An important constraint to locally trigger the release of doxorubicin from liposomes is the need for treatment guidance on precise application of the cavitation stimulus. This need was highlighted when tested in an orthotopic pancreatic murine model (Camus et al. 2019), in which the use of a very high frequency (40 MHz) preclinical ultrasound scanner was required to localize the tumor and guide the treatment.

For the clinical treatment of tumors in deep organs such as the prostate and pancreas, where such high-frequency imaging is not possible, the use of gas microbubbles as intravascular ultrasound contrast agents is an alternative imaging option (Wang et al. 2020; Klibanov 2021). Thus, contrast-enhanced ultrasound (CEUS) would be an asset as it offers real-time imaging with high spatial resolution to delineate the lesion's extent and can also provide valuable information on perfusion (Frinking et al. 2020). Although 3-D matrices are available, and the feasibility of 3-D CEUS imaging in humans has been reported (Xiang et al. 2013; Sridharan et al. 2015; El Kaffas et al. 2017), as has its ability to identify responders to different cancer therapies based on monitoring of perfusion changes (El Kaffas et al. 2020), 3-D CEUS imaging is currently the standard in clinics, which limits its attractivity for treatment guidance.

Ultrasound molecular imaging (USMI) could provide an even more specific alternative, as tumor visualization and delineation based on the detection of specific tumor endothelial characteristics could be achieved (Wang et al. 2020).

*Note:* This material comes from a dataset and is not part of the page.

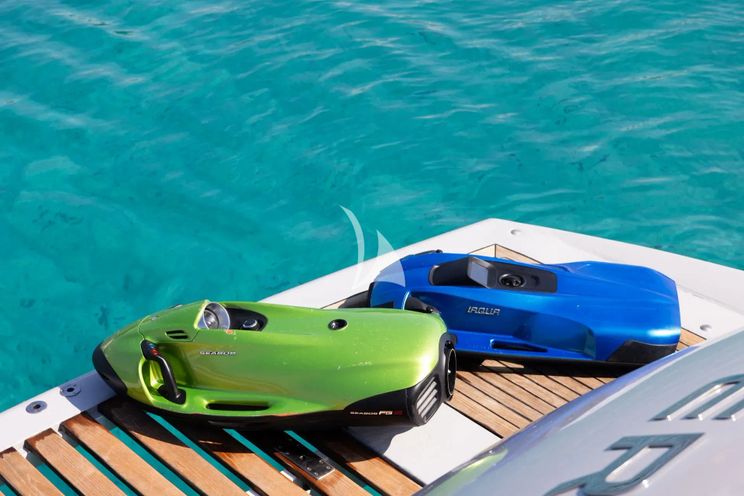 Charter Yacht IMPERIUM - Sunseeker Predator 68 - 2 Cabins - Cannes - Nice - Antibes - St Tropez - French Riviera - Monaco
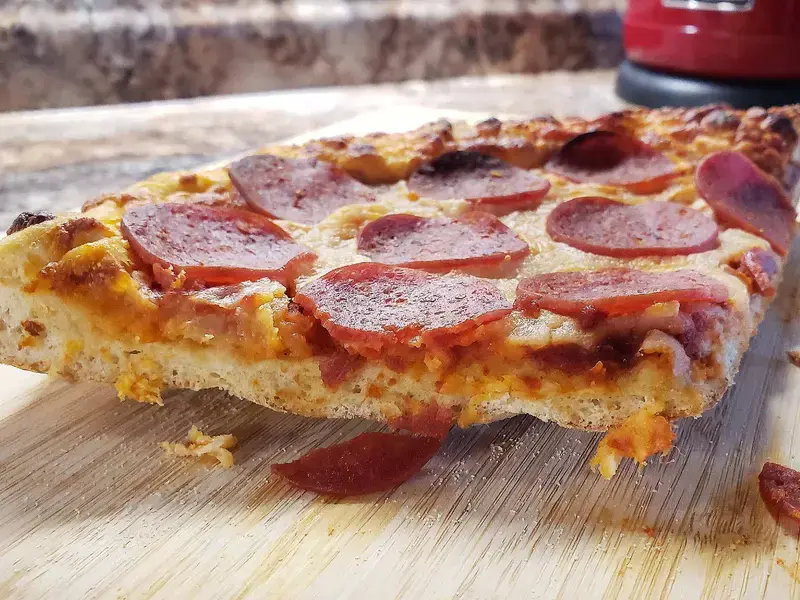 freeze-leftover-pizza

USMI has been validated in preclinical models using cationic microbubbles (Diakova et al. 2020), targeted microbubbles against von Willebrand factor (Shim et al. 2015), α_v-integrins (Leong-Poi et al. 2003) or tumoral biomarkers, including B7 H3 (Bachawal et al. 2020), Netrin 1 (Wischhusen et al. 2018) and vascular endothelial growth factor receptor 2 (VEGFR2) with BR55 (Pochon et al. 2010). BR55 was tested in an orthotopic prostatic G-Dunning model, where the feasibility of tumor visualization in the prostate was determined (Tardy et al. 2010). In a chemo-induced rat mammary tumor model, it was found that USMI can provide a volumetric tumoral delineation and that the therapeutic follow-up of tumoral response to an anti-angiogenic treatment is feasible at the anatomical, functional and molecular levels in a single exam (Helbert et al. 2020). Recently, BR55 has been successfully translated in the clinic for the detection of angiogenesis in breast and ovarian tumors in women (Willmann et al. 2017) and prostate cancer in men (Smeenge et al. 2017).

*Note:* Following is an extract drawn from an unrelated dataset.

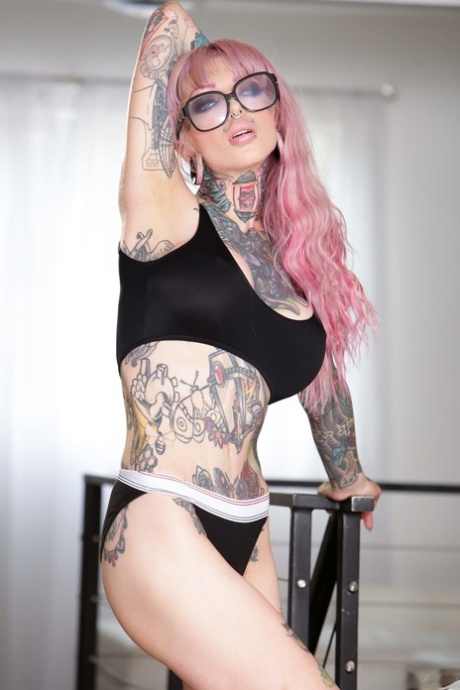 粉红头发的 Sydnee Vicious 让所有耳塞、纹身和胸部爱好者为之倾倒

In the present study, we used USMI with BR55 to guide ultrasound-triggered release of liposomal doxorubicin in a preclinical prostate tumor model. Sonosensitive L-DXR were injected into rats bearing orthotopic G-Dunning rat prostate tumors. USMI was used to visualize and delineate tumors within the prostate to specifically select ultrasound treatment locations. Finally, USMI was used to evaluate tumor response after ultrasound-induced doxorubicin release from liposomes.